The debate was called by the Petitions Committee of the House of Commons. On the same day, MPs will debate a second petition calling for the state visit to go ahead, which has gained more than 100,000 signatures.
Home Secretary Amber Rudd warned that Mr Trump’s ban could be a “propaganda opportunity” and a good recruiting campaign for Islamic State terrorists.
Downing Street said that Prime Minister Theresa May was “very happy” to extend the invitation to Mr Trump on behalf of the Queen.
In an extraordinary few days Mr Trump has sacked the acting Attorney General Sally Yates after she refused to defend new travel restrictions he imposed on citizens of seven nations.
The federal government lawyer had issued an order to the justice department not to enforce the president’s executive order.
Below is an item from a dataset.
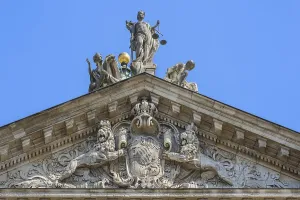 Gable with figure Justitia, figures of Innocence and vice of Balthasar Schmitt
As the tensions and language used in the immigrant row escalated the White House said Ms Yates had “betrayed” the department.
Dana Boente, US attorney for the Eastern District of Virginia, replaced her as acting attorney general. He has instructed the department to enforce Mr Trump’s order.
Equity markets fell on Monday and the dollar came under pressure over growing concerns about the impact of President Trump’s immigration policies on global trade.
Investors who had driven up stocks on the back Mr Trump’s growth agenda grew nervous after his executive order on Friday to bar Syrian refugees and suspend travel to the US from six other countries.
Today Wall Street opened around 0.2% lower, with the S&P 500 index set to add to its biggest daily fall in a month on Monday. The FTSE100 closed tonight down 19.33 points at 7,099.15
Thousands of protestors last night swarmed through cities across the UK in sympathy with those in the US demonstrating against Mr Trump’s move.
Marches took place in about 30 locations, including Edinburgh, Glasgow, Aberdeen, Dundee, Manchester, London and Sheffield with speakers proclaiming their disgust at Mr Trump’s decision to bar citizens from mainly Muslim countries.
Syria, Sudan, Yemen, Iran, Iraq, Libya and Somalia have been targeted by the order, leading to worldwide confusion and distress among those impacted.
Business leaders joined the condemnation, including some of those representing some of the biggest companies in the US.
Technology tycoons in Silicon Valley expressed concern that the ban would impact on a sector which attracts huge numbers of immigrants, including thousands from muslim nations.
Google’s Sundar Pichai sent a memo to all employees raising his concerns and revealing that more than 100 Google staff were directly affected.
Within hours, Google co-founder Sergey Brin joined protesters at the airport. Netflix’s Reed Hastings said the executive order was “so un-American it pains us all”.
Twitter co-founder and chief executive Jack Dorsey said the repercussions were “real and upsetting”. Apple chief executive Tim Cook told staff the order was “not a policy we support”.
Scotland’s First Minister Nicola Sturgeon said: “I don’t think it’s right to have a ban that is seen to be something approaching a ban on Muslims, a ban on people because of their origin or their faith.”
However, it is understood that if Mr Trump comes to Scotland she will meet him.